Can I get a blue one here?


----------



## Leslie

This is the one that they call Pebbled Navy Blue (looks much more royal than navy to me in this picture, though).


----------



## Dori

If I click on your photo of the pebbled navy blue will this site get credit for my purchase?


----------



## Leslie

Dori said:


> If I click on your photo of the pebbled navy blue will this site get credit for my purchase?


Yes!


----------



## Dori

Thanks for your help Leslie, it is ordered.


----------



## Leslie

Dori said:


> Thanks for your help Leslie, it is ordered.


Wonderful...let us know what it is like when it arrives. I have been coveting that navy blue pebbled cover.

L


----------



## Teach142

They listed the faux leather as royal blue.  I couldn't decide which I wanted, so I ordered the marine blue in the leather.  I, also ordered the red faux leather for my mother.  Someone in one of the boards said they preferred the faux to the real thing.  I chose mine for the color.  So, if we click to amazon through the "boards" there will be credit to the boards?  I did have to go directly to the MEdge storefront to get the colors I wanted.  Not all were offered on Amazon directly.


----------



## Cat

Let me know when you get this one back in







I have it on my Amazon wish list, but if I haven't purchased some other suitable cover by the time they come in again, I'll purchase through your link .


----------



## farmwife99

I'll be ordering a m-edge and light soon.
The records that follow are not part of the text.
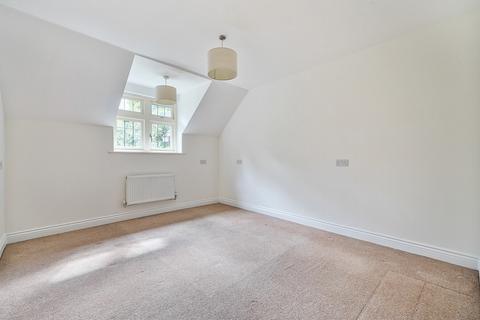 4 Royal Crescent, Winchester, SO22 5GR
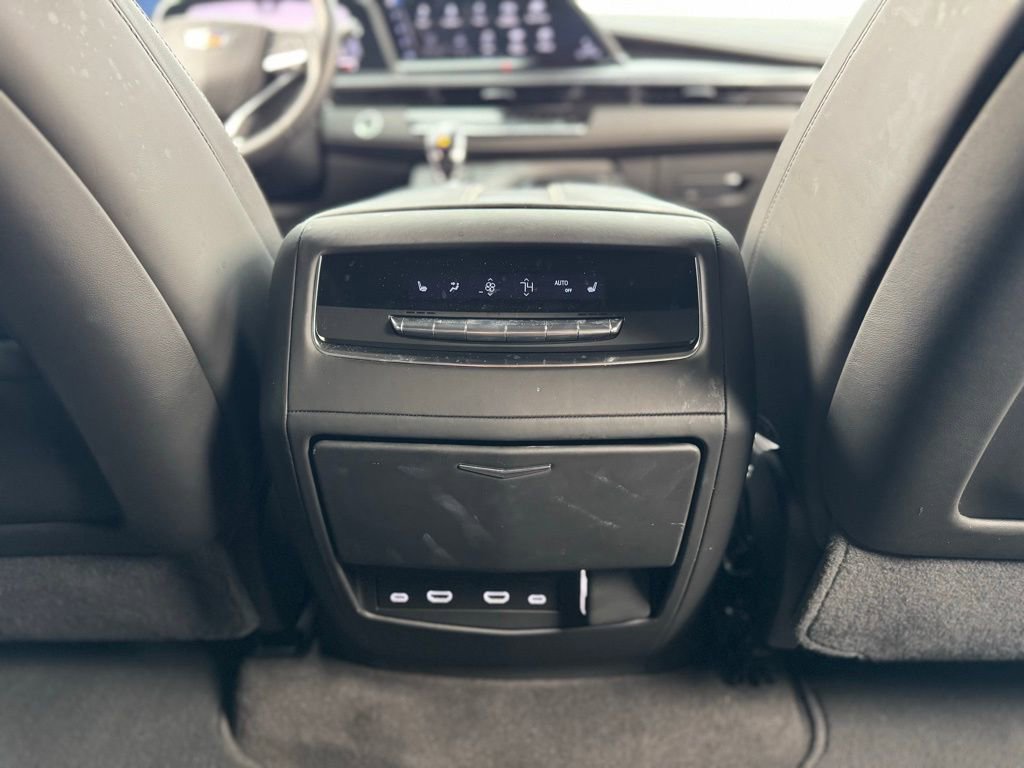 Used 2024 Cadillac Escalade V w/ LPO, ONYX Package image 12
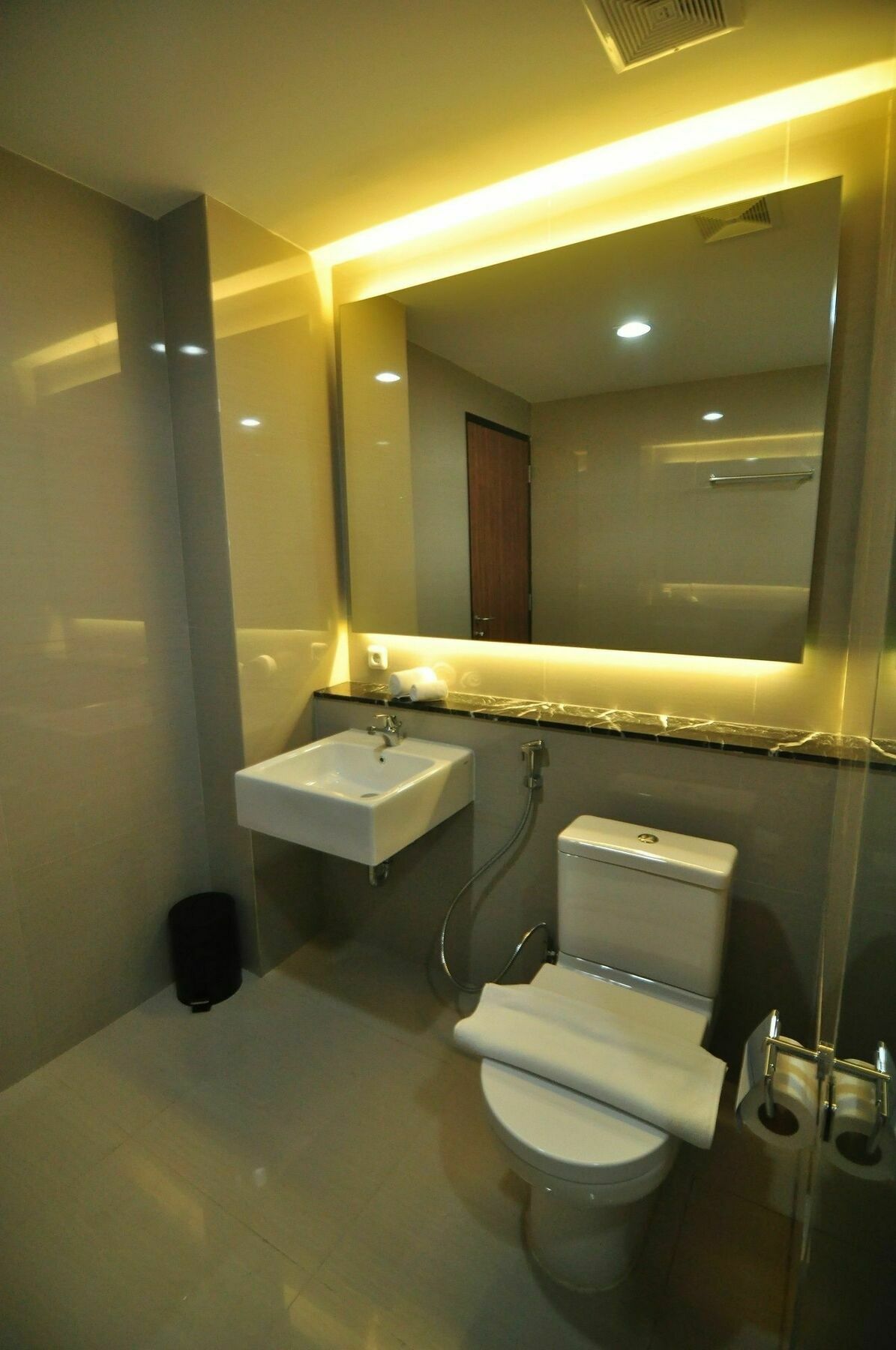 Demelia Hotel Makassar Exteriör bild
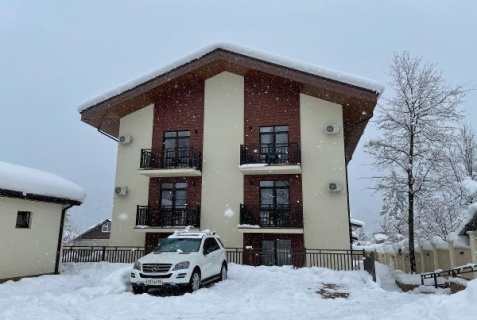 Красная Поляна: Гостевой дом Alba inn apartments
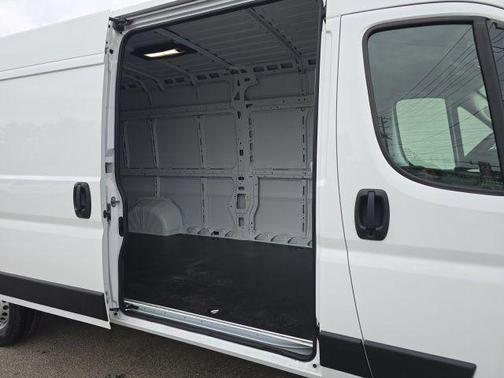 Bright White Clearcoat 2026 RAM ProMaster 3500 High Roof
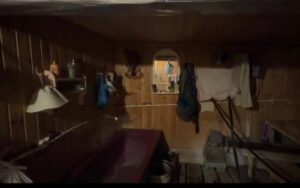 В Самарской области произошло жестокое убийство, сообщает Следственный комитет РФ. Инцидент случился в селе Кинель-Черкассы, где 76-летний пенсионер убил своего 70-летнего знакомого. По данным следствия, конфликт возник на фоне совместного распития алкоголя в бане. В ходе ссоры злоумышленник нанес пострадавшему смертельные травмы, после чего расчленил тело и выбросил его в выгребную яму. Уголовное дело возбуждено по статье «Убийство». В настоящее время решается вопрос о мере пресечения для подозреваемого. Следственные органы проводят все необходимые мероприятия для установления обстоятельств произошедшего. Этот случай стал одним из самых резонансных в регионе за последнее время. Местные жители шокированы произошедшим, учитывая возраст участников трагедии.. Самарская область, Кинель-Черкассы, убийство, пенсионер, СК РФ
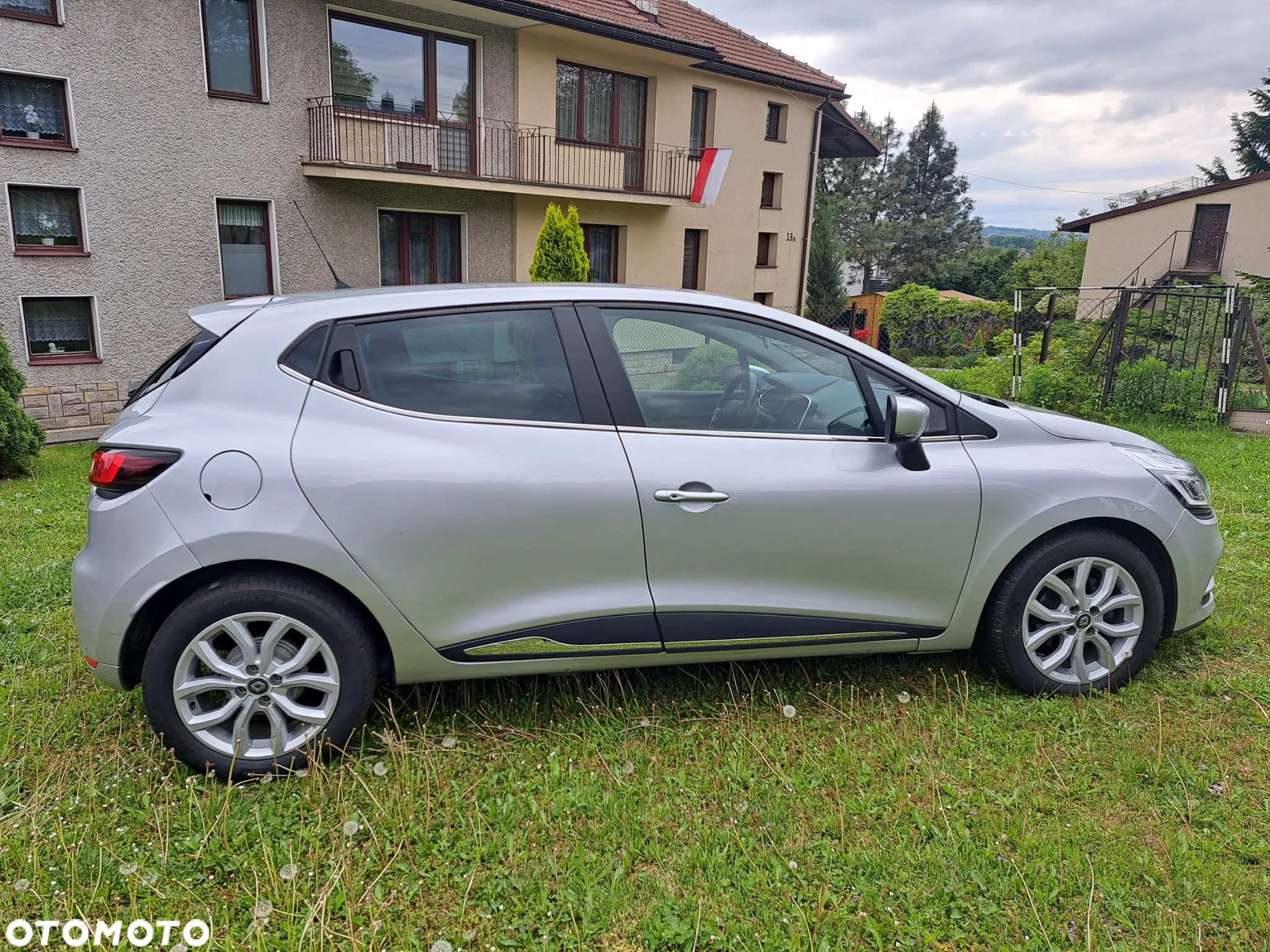 Renault Clio - 9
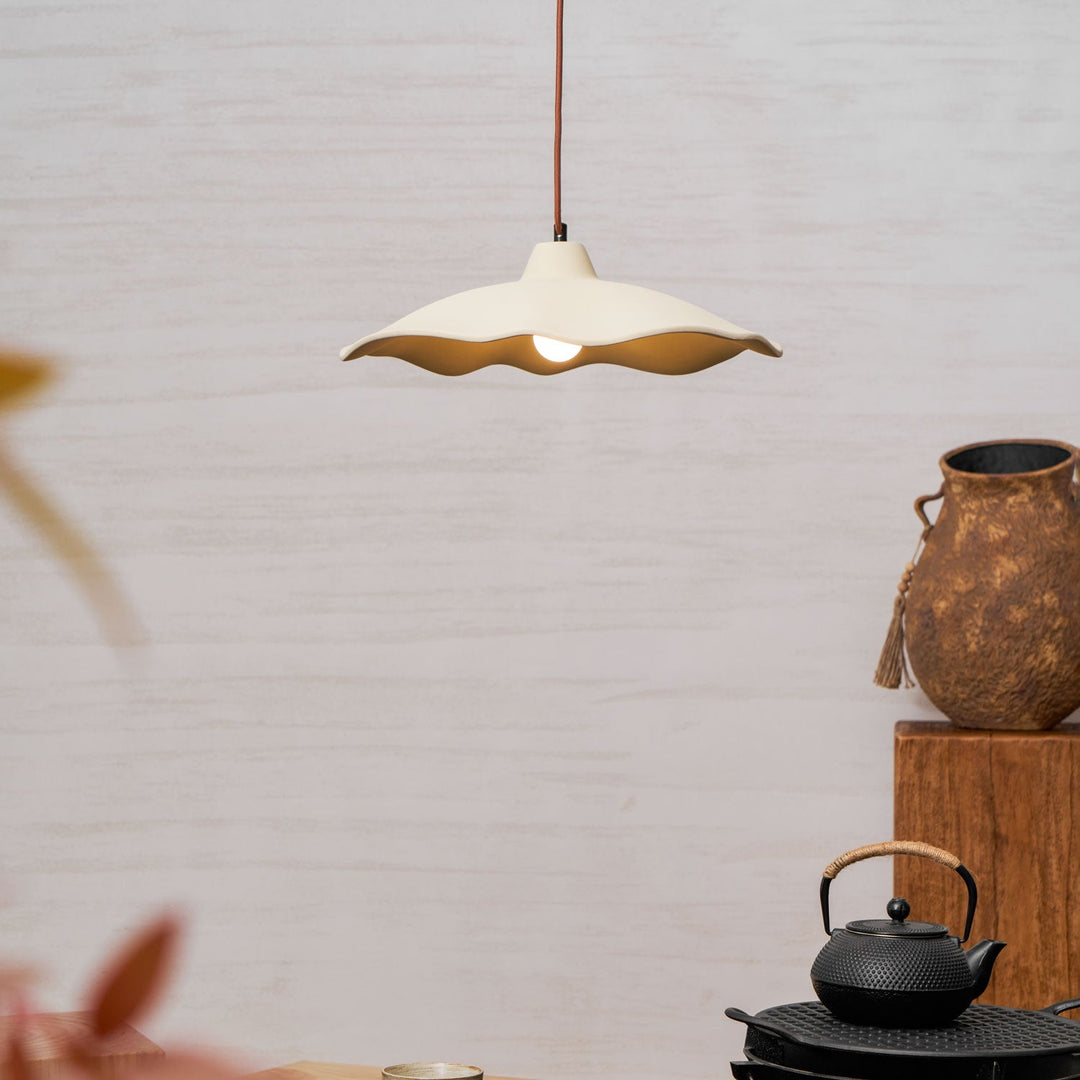 Betonowa Lampa Wisząca w Kształcie Płatka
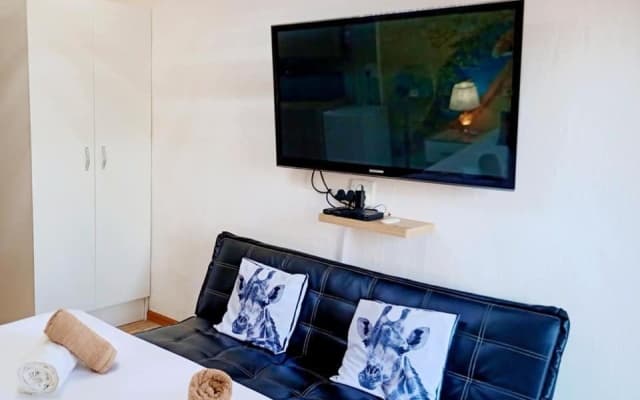 Queensburgh B&B or Self Catering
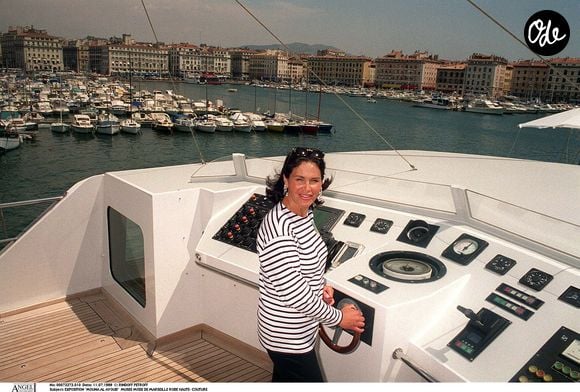 « Mouna Ayoub pose aux côtés de la chanteuse Gloria Gaynor lors de l’exposition qui lui est consacrée au Musée de la Mode de Marseille. Elle porte une robe de haute couture et est photographiée en plan américain, avec en arrière-plan le voilier de luxe Phocéa amarré dans le port. Photo : Bertrand Rindoff Petroff / Bestimage. »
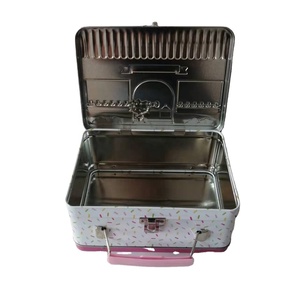 Food safe factory direct school travel metal lunch box with handle and clasp travel lunch handle tin box 180x130x70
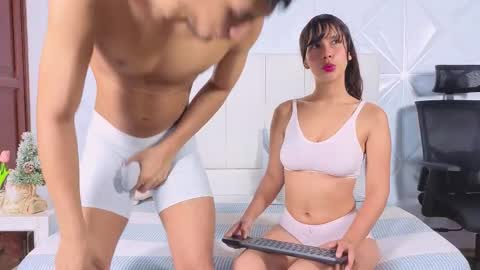 Antonella 20  Axel 23 online show from February 22, 5:19 am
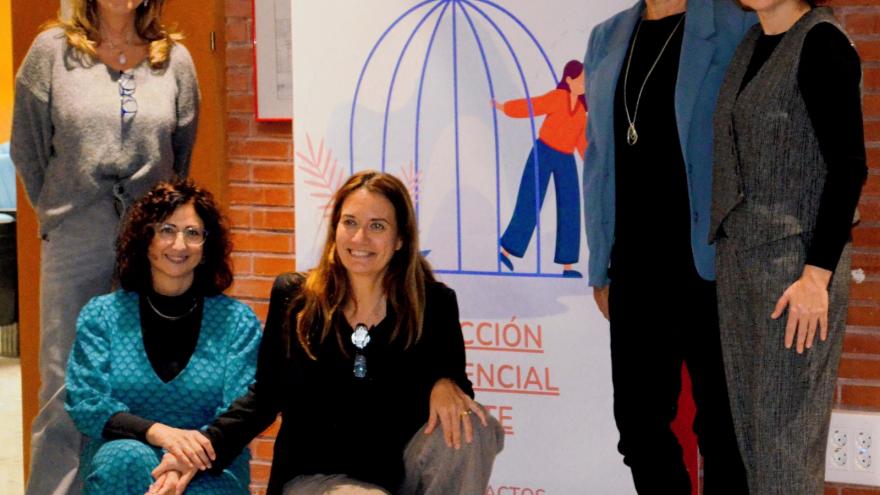 Foto institucional de la jornada, con la gerente de Atención Primaria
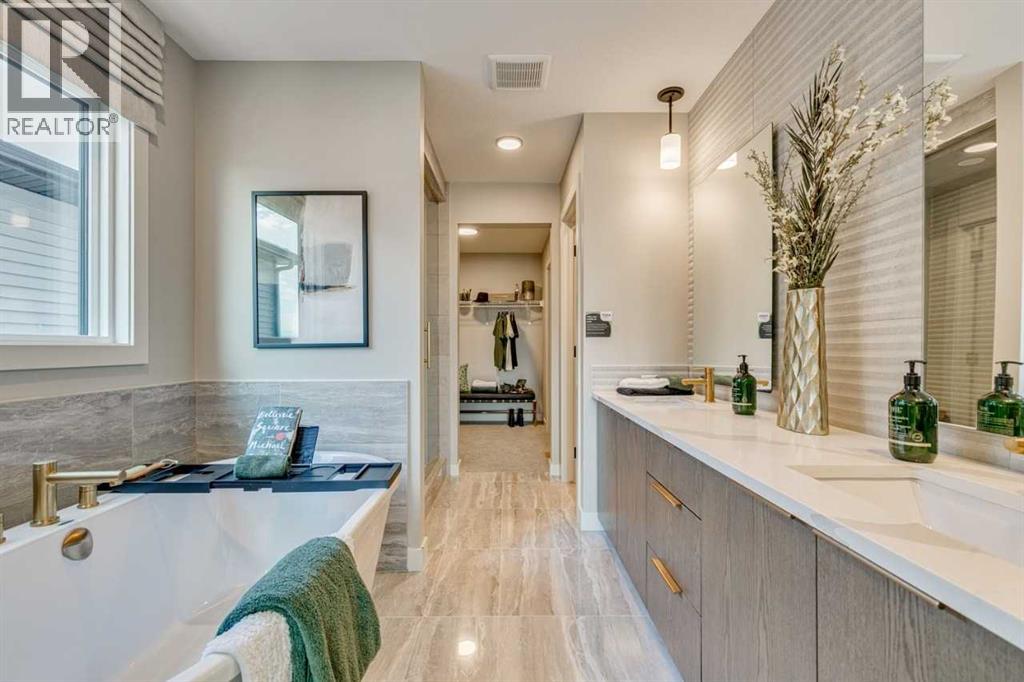 Photo 5 of 152 Hotchkiss Common Se, Calgary AB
I'll be ordering with the link.  We have to keep this great board going on and on.


----------



## Dori

Leslie said:


> Wonderful...let us know what it is like when it arrives. I have been coveting that navy blue pebbled cover.
> 
> L


my pebbled navy blue was shipped on Dec. 1. I keep watching for the mailman.


----------



## MonaSW

Cat said:


> Let me know when you get this one back in I have it on my Amazon wish list, but if I haven't purchased some other suitable cover by the time they come in again, I'll purchase through your link .


Here you go! It seems it isn't available by itself, only in the travel package with a book light.


----------



## Guest

It's still a good deal, I have the exact same light it cost almost as much as that whole package.


----------



## Angela

MonaSW said:


> Here you go! It seems it isn't available by itself, only in the travel package with a book light.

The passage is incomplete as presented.